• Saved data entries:
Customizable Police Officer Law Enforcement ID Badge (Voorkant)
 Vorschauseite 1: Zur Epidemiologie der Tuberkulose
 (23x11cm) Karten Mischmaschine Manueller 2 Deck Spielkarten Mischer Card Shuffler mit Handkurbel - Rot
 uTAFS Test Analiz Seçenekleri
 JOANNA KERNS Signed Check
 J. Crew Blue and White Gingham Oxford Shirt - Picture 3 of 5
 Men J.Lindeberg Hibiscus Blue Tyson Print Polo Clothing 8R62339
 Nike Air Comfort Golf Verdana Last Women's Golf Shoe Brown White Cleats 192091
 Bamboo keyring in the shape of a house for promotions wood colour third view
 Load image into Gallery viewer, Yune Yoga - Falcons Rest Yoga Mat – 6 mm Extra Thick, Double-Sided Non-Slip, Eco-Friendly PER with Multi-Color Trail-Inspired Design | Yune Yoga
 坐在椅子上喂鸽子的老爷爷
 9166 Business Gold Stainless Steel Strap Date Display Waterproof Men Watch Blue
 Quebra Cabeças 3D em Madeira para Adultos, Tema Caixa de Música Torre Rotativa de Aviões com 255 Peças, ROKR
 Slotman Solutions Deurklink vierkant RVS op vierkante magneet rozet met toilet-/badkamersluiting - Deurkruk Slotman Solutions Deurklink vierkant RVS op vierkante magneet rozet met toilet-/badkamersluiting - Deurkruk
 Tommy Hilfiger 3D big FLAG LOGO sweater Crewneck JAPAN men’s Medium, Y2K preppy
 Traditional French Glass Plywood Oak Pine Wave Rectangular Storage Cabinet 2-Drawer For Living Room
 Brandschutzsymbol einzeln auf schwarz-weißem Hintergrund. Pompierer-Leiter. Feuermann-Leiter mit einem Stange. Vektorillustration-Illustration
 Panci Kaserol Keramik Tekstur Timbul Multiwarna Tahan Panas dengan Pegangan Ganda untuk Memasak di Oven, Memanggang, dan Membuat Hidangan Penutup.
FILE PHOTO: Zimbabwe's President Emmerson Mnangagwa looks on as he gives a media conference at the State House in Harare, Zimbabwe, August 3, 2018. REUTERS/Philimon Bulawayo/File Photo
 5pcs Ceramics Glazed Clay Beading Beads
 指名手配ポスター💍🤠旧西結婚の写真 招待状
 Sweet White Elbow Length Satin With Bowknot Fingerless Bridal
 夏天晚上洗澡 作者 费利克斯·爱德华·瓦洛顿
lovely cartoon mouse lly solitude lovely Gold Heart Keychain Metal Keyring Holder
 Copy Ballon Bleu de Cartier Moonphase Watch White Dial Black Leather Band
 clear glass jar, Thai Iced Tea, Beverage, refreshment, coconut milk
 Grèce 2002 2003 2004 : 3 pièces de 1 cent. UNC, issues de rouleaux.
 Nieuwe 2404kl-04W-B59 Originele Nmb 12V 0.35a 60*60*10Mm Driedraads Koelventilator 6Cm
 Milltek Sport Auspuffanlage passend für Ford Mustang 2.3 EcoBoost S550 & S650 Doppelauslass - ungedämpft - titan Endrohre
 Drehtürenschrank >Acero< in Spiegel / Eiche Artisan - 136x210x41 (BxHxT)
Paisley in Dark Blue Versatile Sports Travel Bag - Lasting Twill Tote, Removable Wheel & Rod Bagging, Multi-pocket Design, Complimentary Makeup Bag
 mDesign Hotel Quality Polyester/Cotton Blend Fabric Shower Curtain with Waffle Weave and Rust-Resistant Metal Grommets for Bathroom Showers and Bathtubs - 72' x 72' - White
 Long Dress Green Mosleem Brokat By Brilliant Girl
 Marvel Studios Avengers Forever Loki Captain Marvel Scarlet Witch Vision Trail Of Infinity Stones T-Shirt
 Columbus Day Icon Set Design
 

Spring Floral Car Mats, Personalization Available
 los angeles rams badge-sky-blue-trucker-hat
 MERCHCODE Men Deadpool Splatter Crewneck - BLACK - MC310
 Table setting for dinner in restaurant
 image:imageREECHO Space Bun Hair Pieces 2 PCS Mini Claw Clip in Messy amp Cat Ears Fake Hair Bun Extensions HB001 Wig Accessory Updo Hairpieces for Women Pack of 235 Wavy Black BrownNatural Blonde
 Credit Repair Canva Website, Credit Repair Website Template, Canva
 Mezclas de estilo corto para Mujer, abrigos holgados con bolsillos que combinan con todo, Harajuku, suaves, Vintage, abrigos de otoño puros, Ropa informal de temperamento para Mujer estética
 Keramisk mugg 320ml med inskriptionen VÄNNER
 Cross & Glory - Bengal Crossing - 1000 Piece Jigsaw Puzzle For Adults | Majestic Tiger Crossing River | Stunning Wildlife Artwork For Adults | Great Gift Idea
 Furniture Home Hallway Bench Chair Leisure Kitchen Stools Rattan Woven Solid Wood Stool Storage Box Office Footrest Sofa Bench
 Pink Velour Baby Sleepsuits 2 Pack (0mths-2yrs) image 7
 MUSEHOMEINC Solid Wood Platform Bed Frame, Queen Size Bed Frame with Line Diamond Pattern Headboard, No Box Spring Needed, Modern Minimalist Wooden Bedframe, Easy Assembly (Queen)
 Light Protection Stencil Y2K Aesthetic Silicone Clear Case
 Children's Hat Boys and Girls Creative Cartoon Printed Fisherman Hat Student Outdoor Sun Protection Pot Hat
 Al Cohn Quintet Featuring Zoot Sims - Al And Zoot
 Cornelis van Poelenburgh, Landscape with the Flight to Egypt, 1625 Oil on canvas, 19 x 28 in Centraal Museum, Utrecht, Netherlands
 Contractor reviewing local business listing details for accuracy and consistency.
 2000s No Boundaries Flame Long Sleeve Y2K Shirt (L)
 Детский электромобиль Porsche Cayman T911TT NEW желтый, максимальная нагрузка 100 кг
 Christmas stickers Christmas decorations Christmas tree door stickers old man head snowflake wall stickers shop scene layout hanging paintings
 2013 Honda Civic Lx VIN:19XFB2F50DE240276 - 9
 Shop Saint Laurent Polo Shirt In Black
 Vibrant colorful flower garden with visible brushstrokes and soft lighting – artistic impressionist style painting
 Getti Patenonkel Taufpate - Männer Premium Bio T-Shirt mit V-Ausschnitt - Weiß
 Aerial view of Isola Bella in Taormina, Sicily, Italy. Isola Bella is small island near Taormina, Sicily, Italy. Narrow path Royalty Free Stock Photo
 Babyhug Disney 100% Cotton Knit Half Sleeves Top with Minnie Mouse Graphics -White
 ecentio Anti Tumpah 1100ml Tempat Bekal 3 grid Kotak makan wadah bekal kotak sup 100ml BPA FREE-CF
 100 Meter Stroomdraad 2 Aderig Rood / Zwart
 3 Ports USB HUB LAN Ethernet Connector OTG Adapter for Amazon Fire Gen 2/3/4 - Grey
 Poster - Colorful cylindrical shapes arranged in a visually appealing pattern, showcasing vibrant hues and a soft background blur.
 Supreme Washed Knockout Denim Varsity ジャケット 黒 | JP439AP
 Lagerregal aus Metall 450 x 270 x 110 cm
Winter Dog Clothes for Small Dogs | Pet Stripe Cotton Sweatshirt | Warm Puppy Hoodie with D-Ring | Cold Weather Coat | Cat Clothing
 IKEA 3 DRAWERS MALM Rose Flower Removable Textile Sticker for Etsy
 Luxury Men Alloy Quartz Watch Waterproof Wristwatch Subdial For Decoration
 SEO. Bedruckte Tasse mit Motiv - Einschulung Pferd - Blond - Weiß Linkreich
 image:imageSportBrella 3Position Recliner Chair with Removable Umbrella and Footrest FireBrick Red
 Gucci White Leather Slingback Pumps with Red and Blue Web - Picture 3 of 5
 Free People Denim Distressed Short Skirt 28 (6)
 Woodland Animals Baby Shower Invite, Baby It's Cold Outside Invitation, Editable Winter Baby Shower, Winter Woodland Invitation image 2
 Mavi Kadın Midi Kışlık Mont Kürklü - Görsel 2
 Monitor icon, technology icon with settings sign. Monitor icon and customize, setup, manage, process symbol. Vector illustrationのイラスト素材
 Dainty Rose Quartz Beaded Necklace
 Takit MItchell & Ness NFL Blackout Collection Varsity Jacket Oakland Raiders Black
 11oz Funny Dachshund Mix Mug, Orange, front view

• Exercise directions:
Lines to set down from above: the line with "Keramisk mugg 320ml med inskriptionen VÄNNER", the line with "Contractor reviewing local", and every line between, each exactly as written.

• Task output:
 Keramisk mugg 320ml med inskriptionen VÄNNER
 Cross & Glory - Bengal Crossing - 1000 Piece Jigsaw Puzzle For Adults | Majestic Tiger Crossing River | Stunning Wildlife Artwork For Adults | Great Gift Idea
 Furniture Home Hallway Bench Chair Leisure Kitchen Stools Rattan Woven Solid Wood Stool Storage Box Office Footrest Sofa Bench
 Pink Velour Baby Sleepsuits 2 Pack (0mths-2yrs) image 7
 MUSEHOMEINC Solid Wood Platform Bed Frame, Queen Size Bed Frame with Line Diamond Pattern Headboard, No Box Spring Needed, Modern Minimalist Wooden Bedframe, Easy Assembly (Queen)
 Light Protection Stencil Y2K Aesthetic Silicone Clear Case
 Children's Hat Boys and Girls Creative Cartoon Printed Fisherman Hat Student Outdoor Sun Protection Pot Hat
 Al Cohn Quintet Featuring Zoot Sims - Al And Zoot
 Cornelis van Poelenburgh, Landscape with the Flight to Egypt, 1625 Oil on canvas, 19 x 28 in Centraal Museum, Utrecht, Netherlands
 Contractor reviewing local business listing details for accuracy and consistency.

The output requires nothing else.